** Opening ENTRIES PROVIDED block **

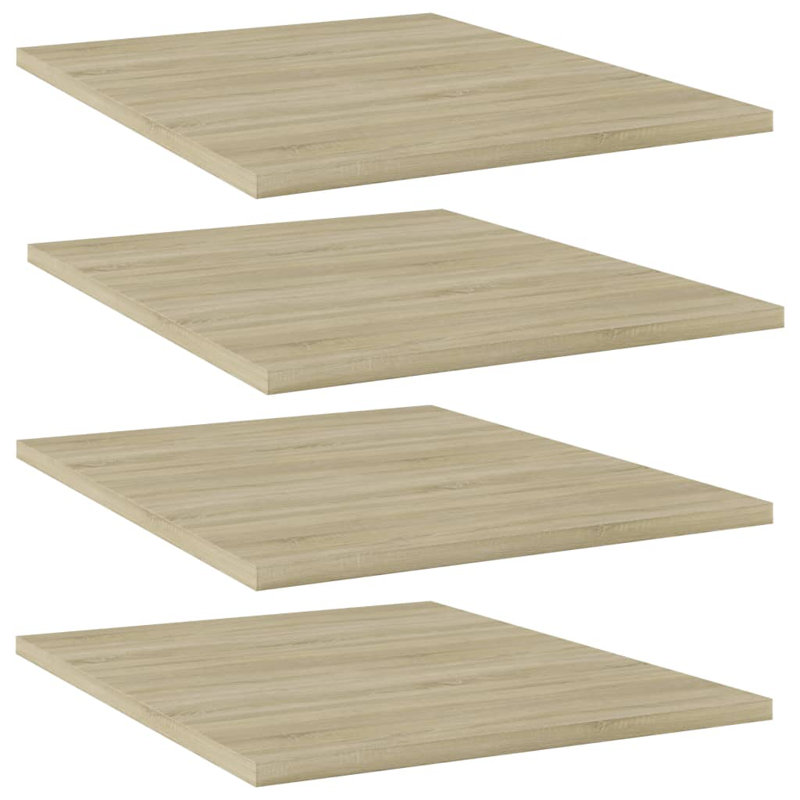 Tablettes flottantes étagères murales, H 0,6 po x l 15,7 po x P 19,7 po, Chêne sonoma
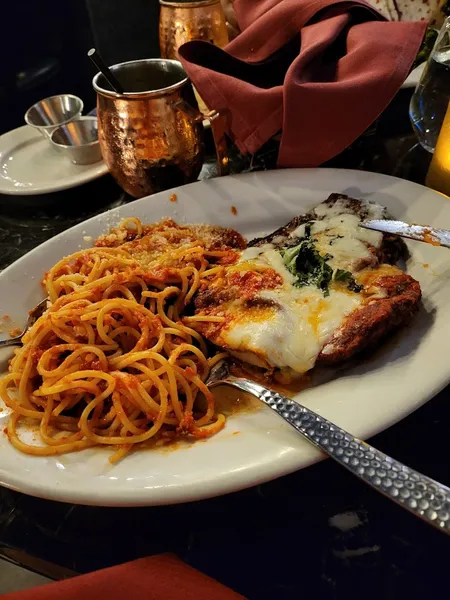 chicken parmesan Roma Mia in Downtown San Diego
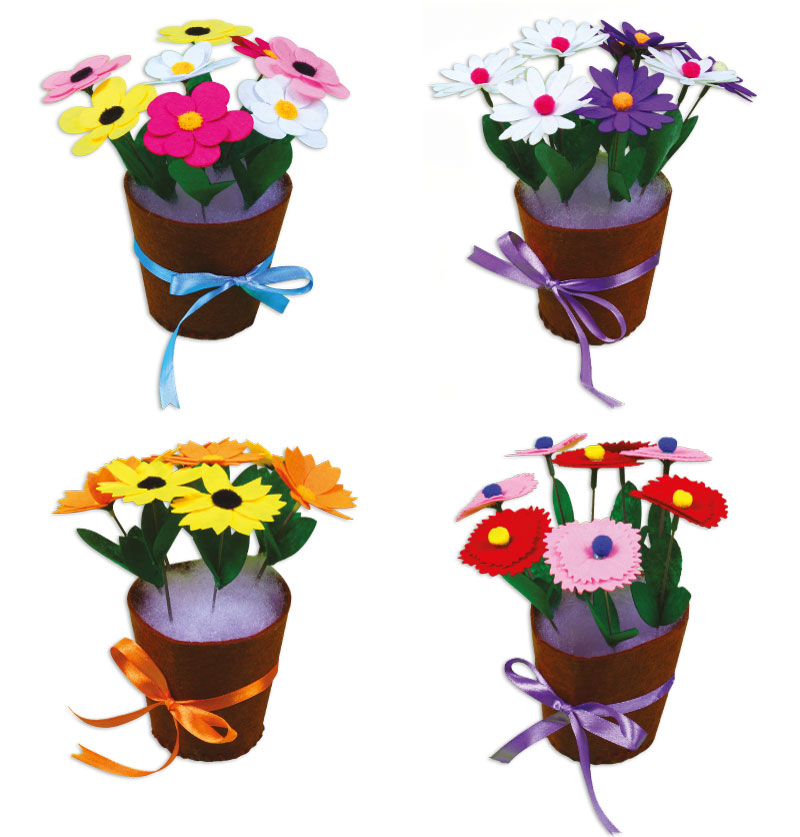 Creative Felt Flowers Pot - Image 2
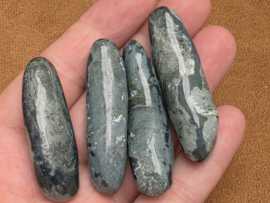 Blauwe jade knuffelsteen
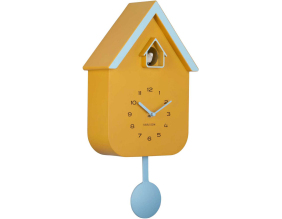 Horloge murale Dupla Color Cuckoo (Jaune)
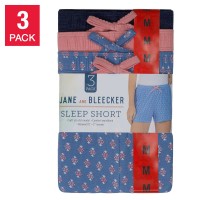 Jane and Bleecker Ladies' Short Set, 3-pack, Pink, Large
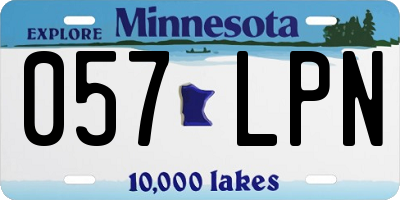 MN license plate 057LPN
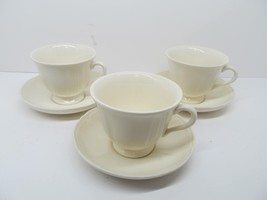 Wedgwood Etruria And Barlaston Queens Shape  3 Cream Coffee Tea Cups W/S... - £22.82 GBP
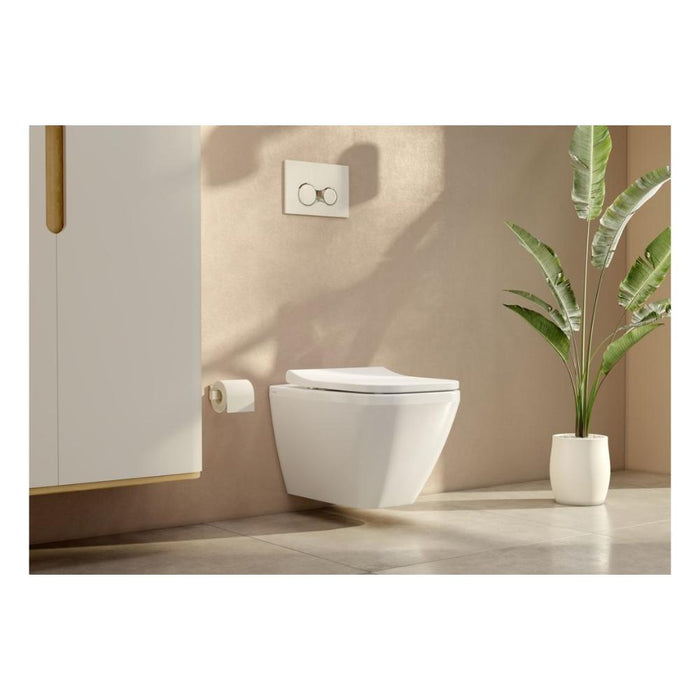 VitrA Integra Square Soft Close Slim Toilet Seat - White - Unbeatable Bathrooms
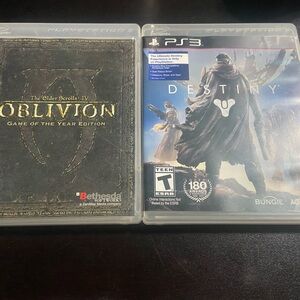 Video Game lot for the Sony PS3 elder scrolls 4 oblivion and Destiny (B1)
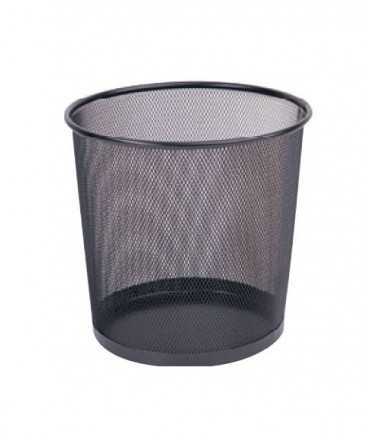 Papelera metálica rejilla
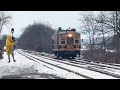 w004 sperry the doodlebug built in 1904 testing the rail @ amsterdam ny filmed december 8th 2024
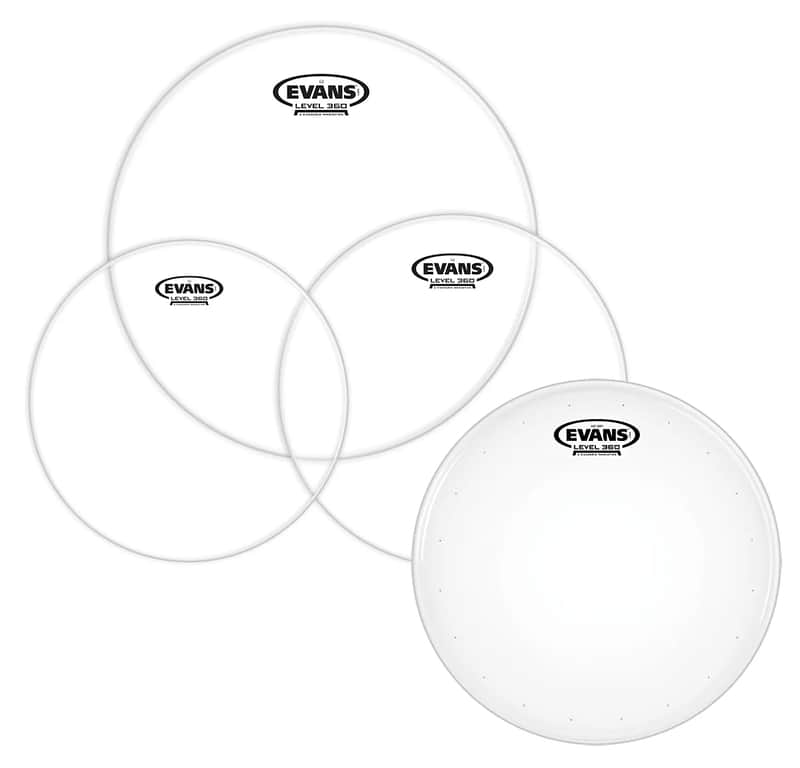 Evans EPP-G2HDD-S G2 Clear Standard (12/13/16") Drum Head Pack with 14" HD Dry Snare Batter image 1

** Closing ENTRIES PROVIDED block **

• TASK TO CARRY OUT: Quote all the records verbatim, dropping any pictures from your copy.

• COMPLETED TASK:
 Tablettes flottantes étagères murales, H 0,6 po x l 15,7 po x P 19,7 po, Chêne sonoma
 chicken parmesan Roma Mia in Downtown San Diego
 Creative Felt Flowers Pot - Image 2
 Blauwe jade knuffelsteen
 Horloge murale Dupla Color Cuckoo (Jaune)
 Jane and Bleecker Ladies' Short Set, 3-pack, Pink, Large
 MN license plate 057LPN
 Wedgwood Etruria And Barlaston Queens Shape  3 Cream Coffee Tea Cups W/S... - £22.82 GBP
 VitrA Integra Square Soft Close Slim Toilet Seat - White - Unbeatable Bathrooms
 Video Game lot for the Sony PS3 elder scrolls 4 oblivion and Destiny (B1)
 Papelera metálica rejilla
 w004 sperry the doodlebug built in 1904 testing the rail @ amsterdam ny filmed december 8th 2024
 Evans EPP-G2HDD-S G2 Clear Standard (12/13/16") Drum Head Pack with 14" HD Dry Snare Batter image 1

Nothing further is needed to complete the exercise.